En conséquence, la créance de 7 048,69 euros ne fait l’objet d’aucune contestation sérieuse.
La Cour infirme l’ordonnance déférée en toutes ses dispositions. Statuant à nouveau, la Cour condamne la SELARL Cabinet [D] [Y] à verser à la SARL Laboratoire [H] ET [M] la somme en principal de 7048,68 euros, outre tous intérêts au taux légal à compter du 22 juillet 2020 date de la mise en demeure.
Sur les demandes accessoires
Le Cabinet [D] [Y], partie perdante, doit supporter les entiers dépens de première instance et d’appel.
En équité, la Cour condamne la SELARL Cabinet [D] [Y] à verser à la SARL Laboratoire [H] ET [M] la somme de 2500 euros au titre de l’article 700 du code de procédure civile.
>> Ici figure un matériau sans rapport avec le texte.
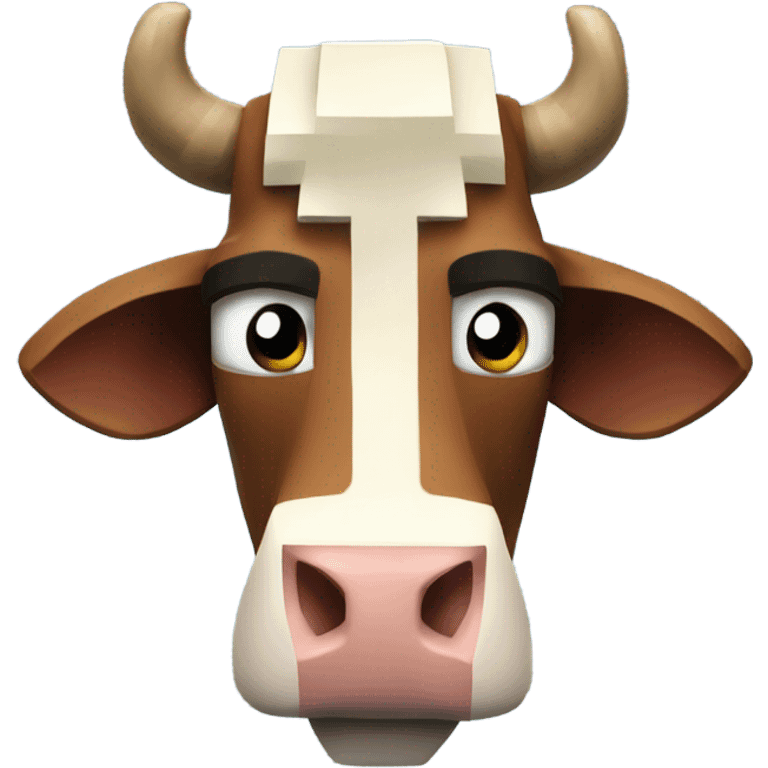 Cow from Minecraft SS emoji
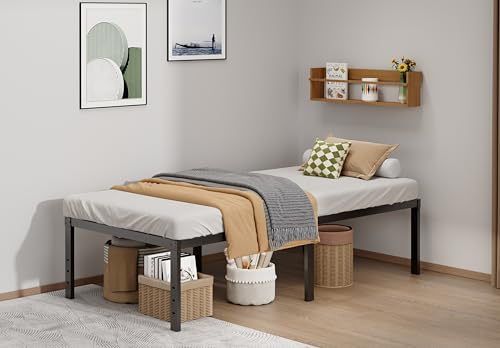 Metal Bed Frame Full Size - 14 Inch Heavy-Duty Full Platform Bed Frame No Box Spring Needed, Easy Assembly, Noise-Free, Sturdy Mattress Foundation, Underbed Storage Space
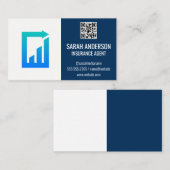 自動車住宅保険 | 財務紙の作業ロゴ 名刺 (正面/裏面)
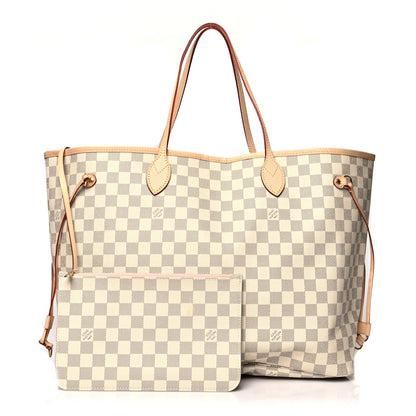 Louis Vuitton Damier Azur Neo Neverfull GM Rose Ballerine 1 of 12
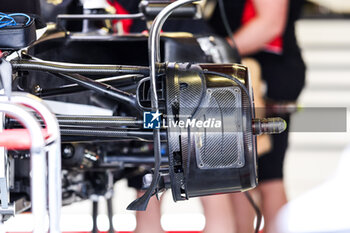 24/10/2024 - Haas F1 Team VF-24 Ferrari, Mechanical detail brakes ducts during the Formula 1 Gran Premio de la Ciudad de Mexico 2024, 20th round of the 2024 Formula One World Championship from October 25 to 27, 2024 on the Autodromo Hermanos Rodriguez, in Mexico City, Mexico - F1 - MEXICO CITY GRAND PRIX 2024 - FORMULA 1 - MOTORI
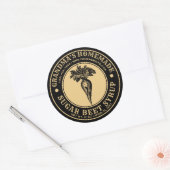 Vorlage für das hausgemachte Zuckerrübensirup Runder Aufkleber (Umschlag)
Corrélativement, la Cour déboute la SELARL Cabinet [D] [Y] de ses demandes au titre de l’article 700 du code de procédure civile et des dépens.
PAR CES MOTIFS
La Cour,
Infirme l’ordonnance déférée en toutes ses dispositions,
Statuant à nouveau :
Condamne la SELARL Cabinet [D] [Y] à verser à la SARL Laboratoire [H] ET [M] la somme en principal de 7048,68 euros outre tous intérêts au taux légal à compter du 22 juillet 2020, date de la mise en demeure,
Condamne le Cabinet [D] [Y] aux entiers dépens de première instance et d’appel,
Condamne la SELARL Cabinet [D] [Y] à verser à la SARL Laboratoire [H] ET [M] la somme de 2500 euros au titre de l’article 700 du code de procédure civile,
Déboute la SELARL Cabinet [D] [Y] de ses demandes au titre de l’article 700 du code de procédure civile et des dépens.